A Sabedoria, a Verdade em grau máximo, é o próprio Deus. É Ele o tesouro pelo qual a alma do salmista suspira como o sequioso em busca de água. O salmo responsorial exprime intensamente a alegria da procura e do encontro com Deus, dirigindo-se mais de 15 vezes (com pronomes e adjectivos) a um «Tu» muito concreto, amado e desejado. Este amigo de coração é o próprio Jesus, o esposo que hoje, na parábola das dez virgens (Evangelho), fala à sua esposa, a Igreja, no seio da qual algumas pessoas são insensatas e outras sábias. A parábola é rica de símbolos e de mensagens que devem ser entendidos no contexto bíblico: o simbolismo nupcial que indica a relação homem-Deus, os símbolos da vigília e do sono, a noite e a luz, o óleo, sensatez e insensatez, o atraso do esposo, a porta fechada, o banquete nupcial e outros símbolos.

A expectativa e o acolhimento do esposo, o Senhor Jesus, que chega a todo o momento, exige uma resposta pessoal e insubstituível, simbolizada também na disputa do azeite (pedido por algumas das virgens e recusado pelas outras), que cada um deve procurar na vida. A sabedoria é como um óleo que não é fácil distribuir: «é um óleo que produzimos a partir de nós mesmos, da nossa maceração interior, dos nossos sofrimentos, dos nossos amores…Nós devemos esforçar-nos para que este óleo não nos venha a faltar» (E. Balducci). É verdade que não podemos substituir-nos a ninguém na resposta ao Deus que chama e salva, mas podemos, ou melhor devemos partilhar com outros o dom da fé e do conhecimento de Cristo, que nos sustenta no caminho e que pode iluminar também outras pessoas que procuram a verdade de coração sincero.

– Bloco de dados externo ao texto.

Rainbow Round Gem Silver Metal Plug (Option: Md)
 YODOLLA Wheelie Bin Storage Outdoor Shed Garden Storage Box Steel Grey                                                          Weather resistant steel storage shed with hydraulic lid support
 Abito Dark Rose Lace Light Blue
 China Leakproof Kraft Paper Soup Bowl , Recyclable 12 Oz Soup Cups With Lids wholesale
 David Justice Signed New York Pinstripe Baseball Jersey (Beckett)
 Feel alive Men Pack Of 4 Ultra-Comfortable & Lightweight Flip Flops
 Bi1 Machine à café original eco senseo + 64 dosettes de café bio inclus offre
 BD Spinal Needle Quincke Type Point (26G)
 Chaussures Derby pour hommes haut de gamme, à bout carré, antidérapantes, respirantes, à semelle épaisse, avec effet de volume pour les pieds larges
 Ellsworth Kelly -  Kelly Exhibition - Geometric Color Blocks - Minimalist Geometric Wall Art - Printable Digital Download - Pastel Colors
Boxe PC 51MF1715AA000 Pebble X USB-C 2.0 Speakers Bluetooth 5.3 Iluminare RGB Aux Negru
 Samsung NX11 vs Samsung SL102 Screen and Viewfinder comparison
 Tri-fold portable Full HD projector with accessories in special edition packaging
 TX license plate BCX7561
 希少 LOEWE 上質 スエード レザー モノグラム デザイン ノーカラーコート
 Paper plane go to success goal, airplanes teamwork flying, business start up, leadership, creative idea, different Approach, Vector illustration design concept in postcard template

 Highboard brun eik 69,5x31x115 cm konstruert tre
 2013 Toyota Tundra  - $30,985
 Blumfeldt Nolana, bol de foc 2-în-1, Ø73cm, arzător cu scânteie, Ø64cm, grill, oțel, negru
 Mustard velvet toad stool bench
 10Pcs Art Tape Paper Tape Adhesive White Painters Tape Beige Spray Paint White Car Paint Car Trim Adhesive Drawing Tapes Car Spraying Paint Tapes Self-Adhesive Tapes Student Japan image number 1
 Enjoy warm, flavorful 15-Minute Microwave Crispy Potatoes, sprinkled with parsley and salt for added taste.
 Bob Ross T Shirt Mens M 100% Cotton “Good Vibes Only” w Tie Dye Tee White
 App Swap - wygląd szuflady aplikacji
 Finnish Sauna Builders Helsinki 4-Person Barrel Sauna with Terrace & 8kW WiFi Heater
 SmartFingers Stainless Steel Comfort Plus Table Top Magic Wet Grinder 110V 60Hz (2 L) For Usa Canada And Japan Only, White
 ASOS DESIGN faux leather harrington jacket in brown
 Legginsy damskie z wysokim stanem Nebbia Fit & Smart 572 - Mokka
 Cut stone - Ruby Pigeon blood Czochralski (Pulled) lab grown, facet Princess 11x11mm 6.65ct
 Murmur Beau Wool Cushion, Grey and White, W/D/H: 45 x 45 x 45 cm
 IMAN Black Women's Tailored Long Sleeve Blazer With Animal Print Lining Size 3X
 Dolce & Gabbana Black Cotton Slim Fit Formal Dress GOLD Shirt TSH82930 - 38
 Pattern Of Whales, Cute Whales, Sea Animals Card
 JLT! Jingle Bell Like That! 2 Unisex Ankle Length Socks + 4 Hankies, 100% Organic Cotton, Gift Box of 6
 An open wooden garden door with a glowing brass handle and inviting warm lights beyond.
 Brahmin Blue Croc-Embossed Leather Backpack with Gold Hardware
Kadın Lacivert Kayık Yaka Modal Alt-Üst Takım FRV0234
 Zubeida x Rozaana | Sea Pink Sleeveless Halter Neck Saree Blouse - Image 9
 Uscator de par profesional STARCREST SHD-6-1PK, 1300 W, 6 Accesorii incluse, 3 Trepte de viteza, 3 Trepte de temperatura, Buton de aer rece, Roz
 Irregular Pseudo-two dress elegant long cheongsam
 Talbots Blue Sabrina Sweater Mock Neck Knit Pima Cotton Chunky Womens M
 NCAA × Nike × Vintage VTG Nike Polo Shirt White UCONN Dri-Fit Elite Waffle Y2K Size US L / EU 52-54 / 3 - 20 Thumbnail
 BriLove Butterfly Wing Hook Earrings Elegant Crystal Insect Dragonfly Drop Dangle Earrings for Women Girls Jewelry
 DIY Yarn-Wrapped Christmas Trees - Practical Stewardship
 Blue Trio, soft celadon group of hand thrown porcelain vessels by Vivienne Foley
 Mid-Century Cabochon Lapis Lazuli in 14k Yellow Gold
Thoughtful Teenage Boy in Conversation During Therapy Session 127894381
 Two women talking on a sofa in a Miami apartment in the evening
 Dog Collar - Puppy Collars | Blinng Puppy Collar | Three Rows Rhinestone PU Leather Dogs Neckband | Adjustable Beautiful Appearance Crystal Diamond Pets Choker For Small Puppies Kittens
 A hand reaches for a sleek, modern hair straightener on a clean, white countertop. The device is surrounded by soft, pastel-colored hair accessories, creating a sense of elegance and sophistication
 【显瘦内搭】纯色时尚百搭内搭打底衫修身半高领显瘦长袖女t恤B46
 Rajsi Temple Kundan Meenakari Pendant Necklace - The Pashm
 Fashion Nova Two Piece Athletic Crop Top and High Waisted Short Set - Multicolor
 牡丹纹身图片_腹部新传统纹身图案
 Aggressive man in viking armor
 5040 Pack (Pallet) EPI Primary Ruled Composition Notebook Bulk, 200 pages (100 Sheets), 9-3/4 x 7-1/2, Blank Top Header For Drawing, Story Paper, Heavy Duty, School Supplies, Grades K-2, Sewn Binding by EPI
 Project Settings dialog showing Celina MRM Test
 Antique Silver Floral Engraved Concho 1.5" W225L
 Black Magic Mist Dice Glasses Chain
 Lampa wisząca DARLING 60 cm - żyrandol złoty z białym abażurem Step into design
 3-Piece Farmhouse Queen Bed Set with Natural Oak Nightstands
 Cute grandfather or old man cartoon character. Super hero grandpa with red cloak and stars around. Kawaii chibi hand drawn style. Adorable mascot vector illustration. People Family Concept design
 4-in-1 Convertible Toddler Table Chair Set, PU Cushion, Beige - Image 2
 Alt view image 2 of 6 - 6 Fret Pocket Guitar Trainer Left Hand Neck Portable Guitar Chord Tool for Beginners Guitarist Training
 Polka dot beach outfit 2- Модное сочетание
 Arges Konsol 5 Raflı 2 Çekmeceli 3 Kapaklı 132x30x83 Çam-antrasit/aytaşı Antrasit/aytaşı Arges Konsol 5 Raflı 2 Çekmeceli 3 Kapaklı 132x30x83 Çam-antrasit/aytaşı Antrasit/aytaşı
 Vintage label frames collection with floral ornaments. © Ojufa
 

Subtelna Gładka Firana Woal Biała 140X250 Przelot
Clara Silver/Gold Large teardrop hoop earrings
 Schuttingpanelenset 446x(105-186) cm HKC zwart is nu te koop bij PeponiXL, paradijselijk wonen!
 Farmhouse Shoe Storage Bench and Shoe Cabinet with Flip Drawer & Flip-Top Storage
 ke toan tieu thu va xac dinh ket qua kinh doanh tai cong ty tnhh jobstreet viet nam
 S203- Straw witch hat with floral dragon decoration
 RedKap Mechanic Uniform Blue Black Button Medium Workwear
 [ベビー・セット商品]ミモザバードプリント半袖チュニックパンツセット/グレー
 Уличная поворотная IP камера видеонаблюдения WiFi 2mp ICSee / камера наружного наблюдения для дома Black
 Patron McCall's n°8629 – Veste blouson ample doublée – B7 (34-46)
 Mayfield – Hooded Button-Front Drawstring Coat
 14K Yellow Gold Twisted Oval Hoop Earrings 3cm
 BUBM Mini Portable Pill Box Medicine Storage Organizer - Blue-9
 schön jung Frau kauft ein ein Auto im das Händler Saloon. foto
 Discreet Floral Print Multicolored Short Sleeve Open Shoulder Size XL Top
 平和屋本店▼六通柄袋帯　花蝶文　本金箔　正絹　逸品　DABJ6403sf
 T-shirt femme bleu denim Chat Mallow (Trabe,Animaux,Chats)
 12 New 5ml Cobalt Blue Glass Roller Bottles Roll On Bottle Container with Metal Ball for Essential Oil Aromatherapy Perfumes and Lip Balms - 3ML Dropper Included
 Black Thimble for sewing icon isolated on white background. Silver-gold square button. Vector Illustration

Pela fé sabemos que o esposo que aguardamos e que chega durante a noite é Cristo, o qual nos convida a entrar no banquete da vida, a estar «para sempre com o Senhor» (II leitura, v. 17). Nós que somos confortados por esta esperança (v. 13-14.18), com sentido de responsabilidade missionária queremos que também para outros – para todos! – seja aberta a porta do banquete. Conscientes de que a porta é Cristo (Jo 10,9), anunciamo-lo como mestre e salvador, focalizando a mensagem missionária antes de mais sobre a Sua pessoa. Isso nos é ensinado por um santo moderno, apaixonado por Cristo e pelos pobres: «O cristianismo não é uma doutrina abstracta: um conjunto de dogmas a acreditar, de preceitos e mandamentos. O cristianismo é Ele! Cristo no cristianismo não é uma devoção. Não é a principal devoção, nem sequer a devoção mais importante. Verdade basilar: o cristianismo é Cristo» (São Alberto Hurtado Cruchaga, jesuíta do Chile). O Reino, que Jesus proclama e personifica, é acima de tudo o encontro com Ele. O anúncio missionário tem sempre esta centralidade: é o convite ao banquete da Vida. Em Cristo. Para todos!